If you’re like most Americans, lamb isn’t the first thing you think of when you’re planning a barbecue for a holiday weekend. But with Labor Day just around the corner, you may want to reconsider. A rack of lamb cooked on the grill is delicious, easy to cook and makes a beautiful presentation. Lots of people think of lamb as having a ‘gamey’ or strong taste, but if you prepare it according to these directions, your family (and guests) will be asking for seconds.
This is typically how the rack of lamb looks when I bring it home from the market. As you can see, it has been “frenched,” meaning that the tips of the rack have been scraped clean of any fat or bits of flesh. But there’s still a lot of fat remaining, and in my opinion, the fat is what gives lamb the “gamey” taste that many people find objectionable. Also, removing most of the fat helps the marinade to penetrate better.
Use a sharp knife and remove most of the visible fat and the “silver skin,” as in the photo below.
Here’s a photo of how much fat I removed from just one rack of lamb.
Smear the herbs, garlic, olive oil and soy sauce all over the rack, on both sides. Let it sit in the refrigerator at least an hour or two, and if you have time, even overnight.
Place the rack on a hot grill and sear on both sides, before lowering the grill to medium heat.
Use a thermometer to test for doneness, placing it inside the thickest part of the lamb, and away from the bone. For medium rare, remove the rack when the internal temperature has reached 125 degrees. It will continue to cook when it rests off the grill.

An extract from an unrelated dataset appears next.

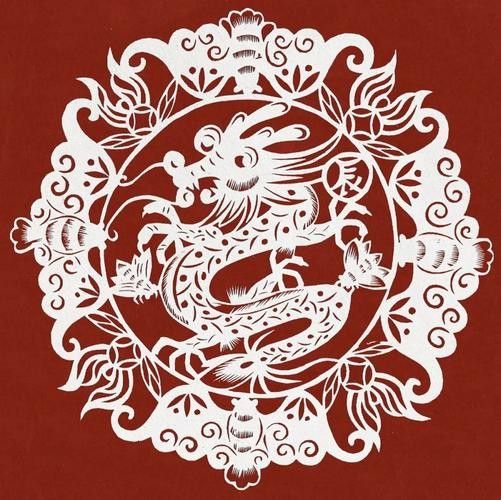 再給我幾張不同風格的招財龍設計圖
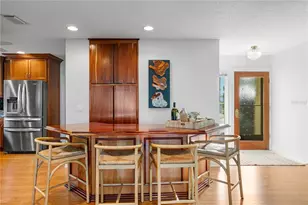 253 Hermosita Dr, Saint Pete Beach, FL 33706 - Photo 9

Optional – Serve with a mint pesto if desired.
- 1 rack of lamb (about 2 lbs)
- 2 tablespoons olive oil
- 2 tablespoons soy sauce
- 2 cloves of garlic
- a sprig of rosemary, chopped finely
- salt, pepper
- rind of ½ lemon, grated
- FOR MINT PESTO:
- about 1 cup of fresh mint, plucked from the stem and packed firmly
- ½ cup parsley leaves
- 2 cloves garlic
- ¼ cup olive oil
- 3 tablespoons almonds
- salt, pepper
- grated rind of ½ lemon
- Trim the rack of lamb of most of the fat, but leave enough so that the rack doesn't fall apart.
- Pour the olive oil, soy sauce and garlic over both sides of the rack, and sprinkle with the rosemary, salt, pepper and lemon rind.
- Let it sit in the refrigerator for at least one or two hours, or even overnight if possible.
- Remove the meat from the refrigerator and let it come to room temperature.
- Place it on a hot grill with the fat side down for about five minutes or until a nice sear has formed.
- Turn it over and do the same thing on the other side.
- Then lower the heat, flip back on the fat side and cook until the internal temperature measures 125 degrees fahrenheit for a medium rare doneness.
- Remove from the grill and let it rest for about 5 minutes.
- The temperature will rise a bit more.
- Keep it on the grill longer, for a medium or well done finish.
- Cut between the ribs and serve.
- MINT PESTO:
- Place the mint leaves, parsley, garlic, almonds, lemon rind and salt and pepper in a food processor. Slowly add the olive oil and process until a paste is formed. Add more olive oil to make a looser pesto.